Yes, the contributions Blacks have made to jazz are well documented and all music fans have benefited from their efforts, but Whites have also played a key role from the very beginning. As early as the 1920s cornetist Bix Biederbecke became one of the new music's premier soloists. The late thirties and World War Two was the time when swing was at its peak of popularity. It was the only time in history that jazz was also the country's most popular music. Institutional discrimination allowed the White swing bands to dominate record sales, concert ticket sales, and radio play. Jazz big bands led by Benny Goodman, Artie Shaw, Woody Herman, and others were all the rage, usurping the limelight that should have also included Duke Ellington, Count Basie, Louis Armstrong, Jimmy Lunceford, and more. Post-war, the list of Caucasian names is also impressive. Among them are Chet Baker, Dave Brubeck, Gerry Mulligan, and Stan Getz. They shared the glory with Thelonoius Monk, Miles Davis, Dizzy Gillespie, Charlie Parker, and more.

Black Americans have also had a hand in the development of rock 'n roll and it's often been said that Ike Turner recorded the first rock song ("Rocket 88"). Rock can be traced back to the same roots as jazz with a huge assist from Irish folk music (something that's worthy of a whole separate discussion) and, while White people had the upper hand in popularizing it, there were major black pioneers such as Chuck Berry, Bo Diddley, and Little Richard Penniman. A decade later Jimi Hendrix became, according to many people, the greatest rock guitarist who ever walked this planet.

There have been White rappers (Vanilla Ice and Eminem), Black country singers (Charley Pride), Black pop-balladeers (Johnny Mathis) and White R & B bands (The Average White Band).

I acknowledge that Philadelphia pianist Orrin Evans, who is the featured musician in the Inquirer's article, does not advocate that jazz shouldn't be for white people too but he does lament the lack of his peers attending his concerts. It's Evans' belief that jazz needs to be marketed better to Blacks and that renaming it may attract them to the music.

In response to the original Inquirer article a letter to the editor asked if opera should be renamed White Italian Music because men from that Mediterranean country invented it. I'm sure that reader knows that Black women such as Marian Anderson, Kathleen Battle, and Leontyne Price had great careers in the genre.

It almost sounds trite but John Lennon once said, "Music belongs to everyone. It's only publishers who think that people own it." While Lennon's statement can be viewed as a naïve hippy sentiment it's also true. He was a man who loved music made by African Americans. The Beatles covered Motown, Penniman, and Berry and they practically made the late Billy Preston part of the band during the Let It Be sessions. My point in all of this is that the man from Liverpool was correct. Music does belong to everyone.

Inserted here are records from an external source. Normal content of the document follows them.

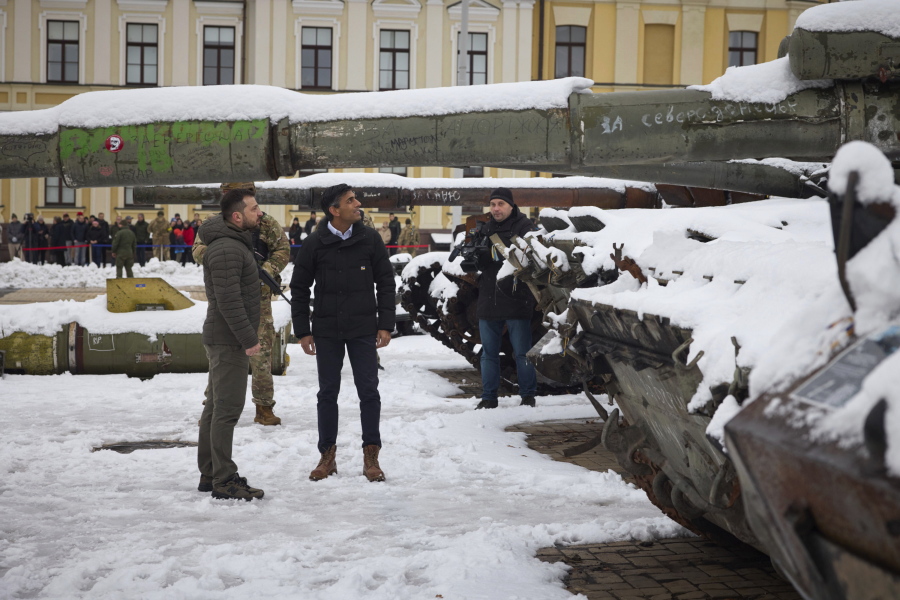 In this photo provided by the Ukrainian Presidential Press Office, Ukrainian President Volodymyr Zelenskyy, left, and British Prime Minister Rishi Sunak observe destroyed Russian military vehicles installed in downtown Kyiv, Ukraine, Saturday, Nov. 19, 2022.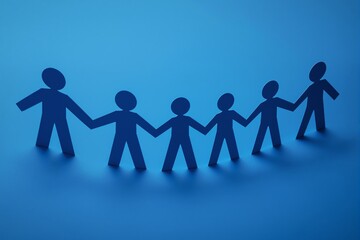 Paper cutout figures holding hands on blue background.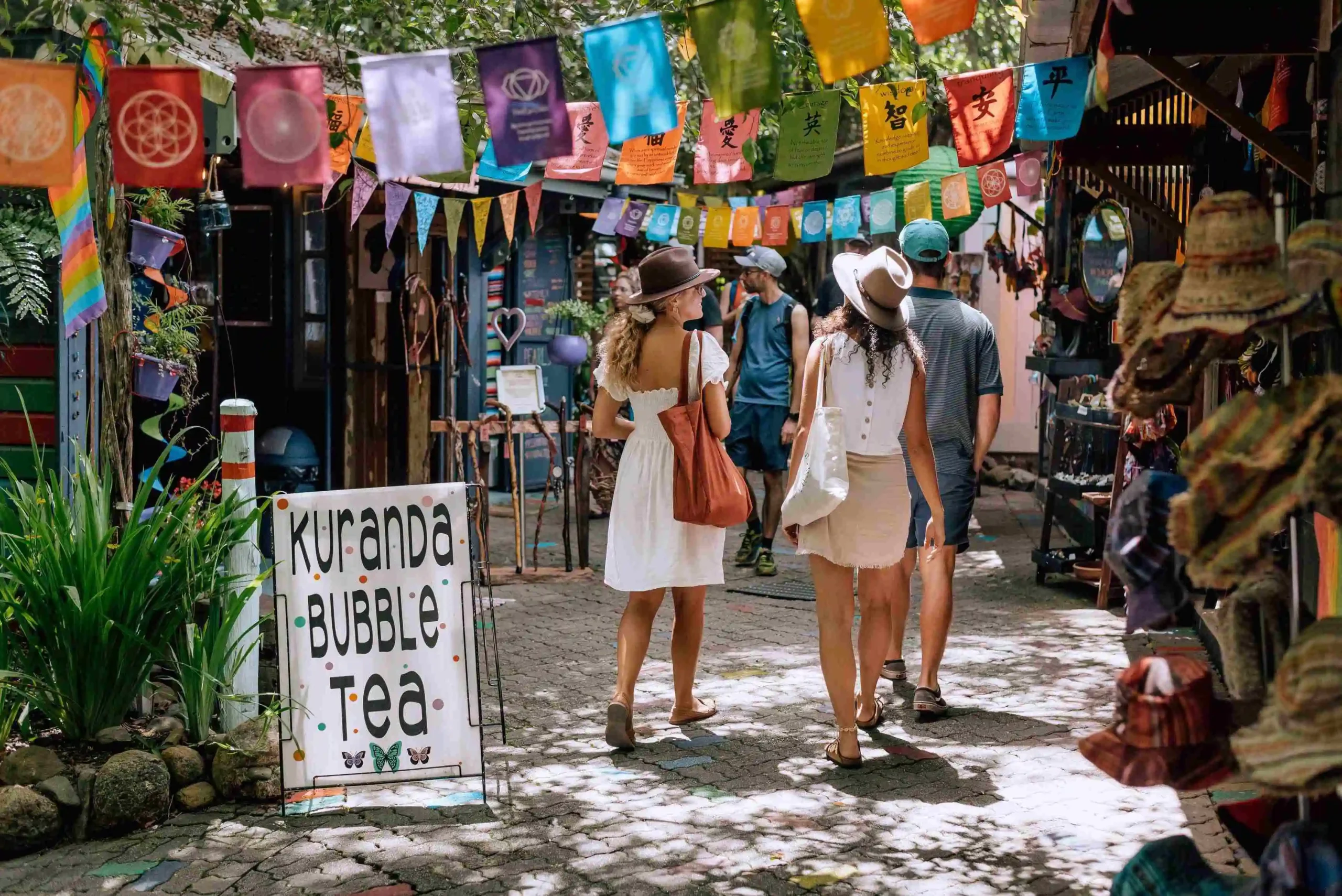 Two women walking through Kuranda-Original-Markets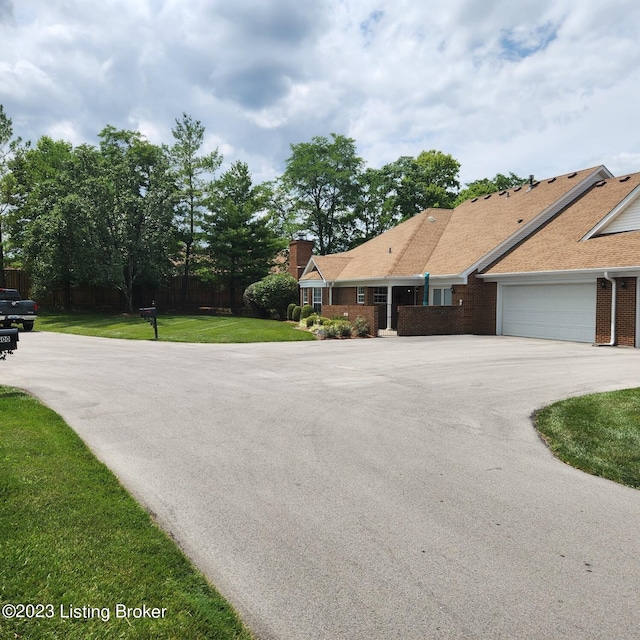 404 Eastgate Village Wynde, Louisville, KY 40223 - exterior space featuring a chimney, an attached garage, aphalt driveway, brick siding, and a lawn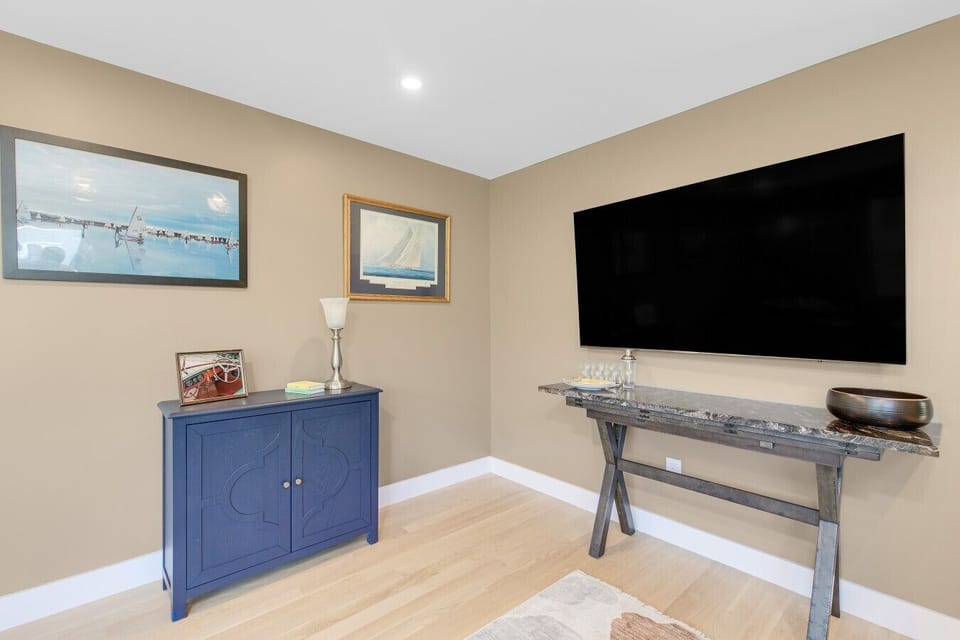 Detailed view of the TV wall setup paired with a blue two-door storage cabinet, lamps, and framed nautical wall art.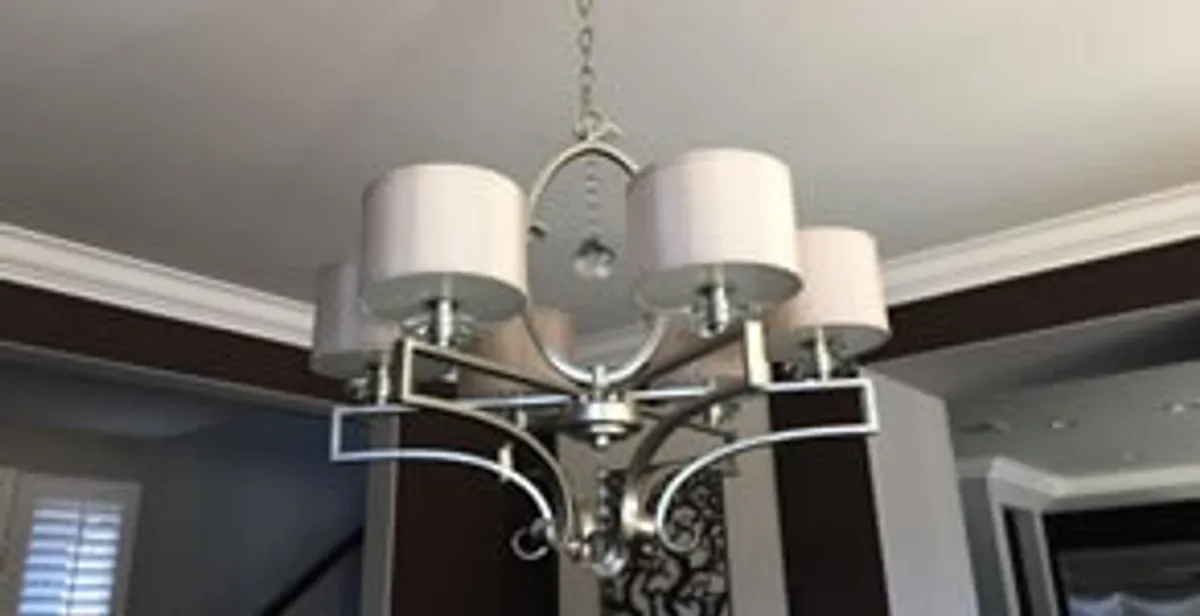 Modern chandelier installation with multiple light fixtures in Salt Lake City, UT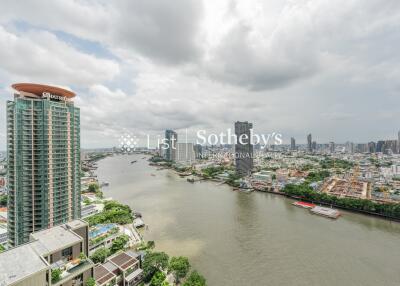 Panoramic view of a city with river and high-rise buildings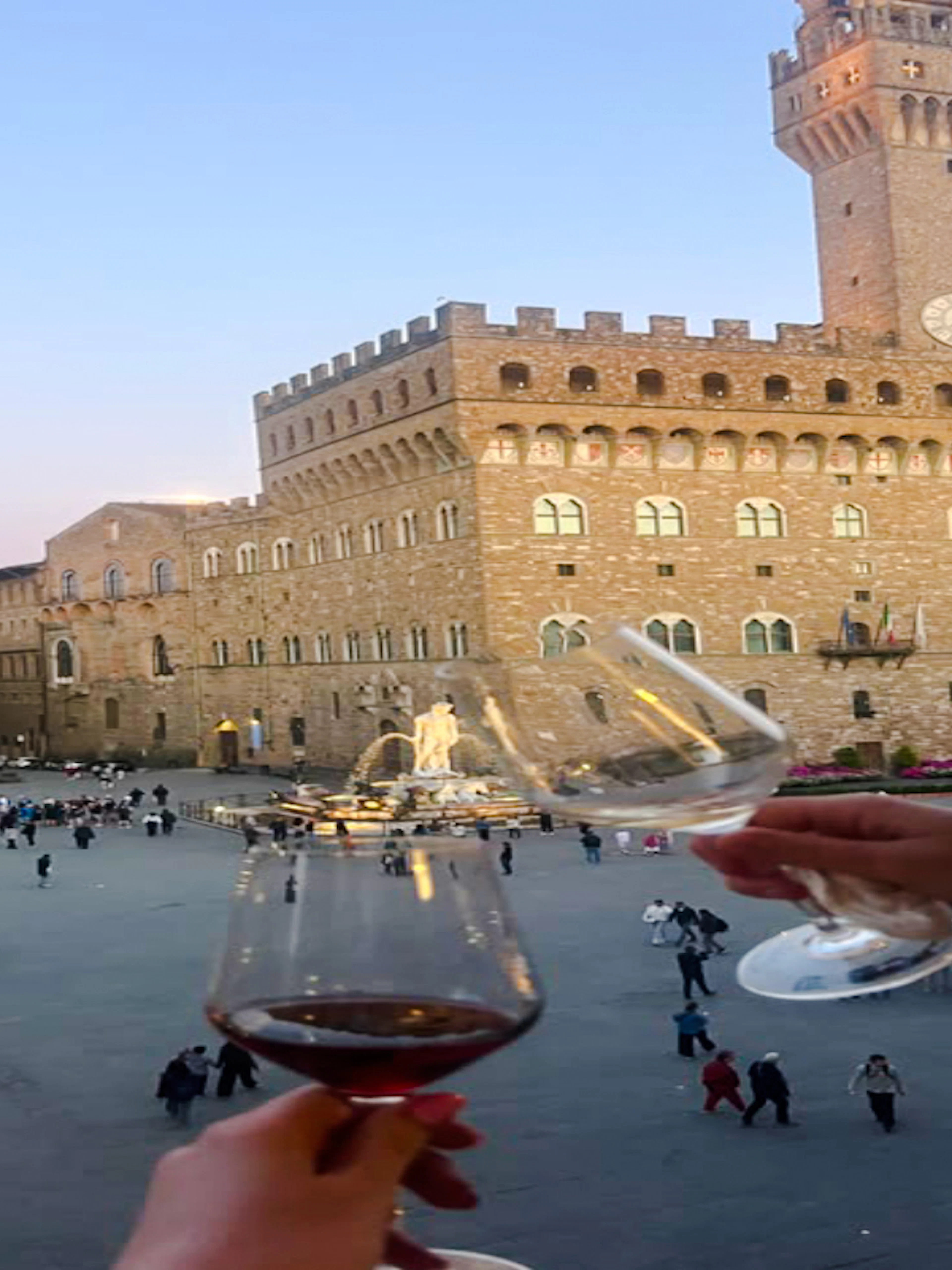 Toasting wine glasses overlooking Piazza della Signoria, Florence at dusk.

The African American people have always been acknowledged as the procreators of jazz. Jim Crow and its associated appalling social and legal mandates meant that this classy cultural phenomenon needed a great assist from other people in order to spread their art to the masses and that is why the genre is not owned by one race or ethnic group. Isn't it enough that many Americans loved jazz enough to spread the word and keep the music alive?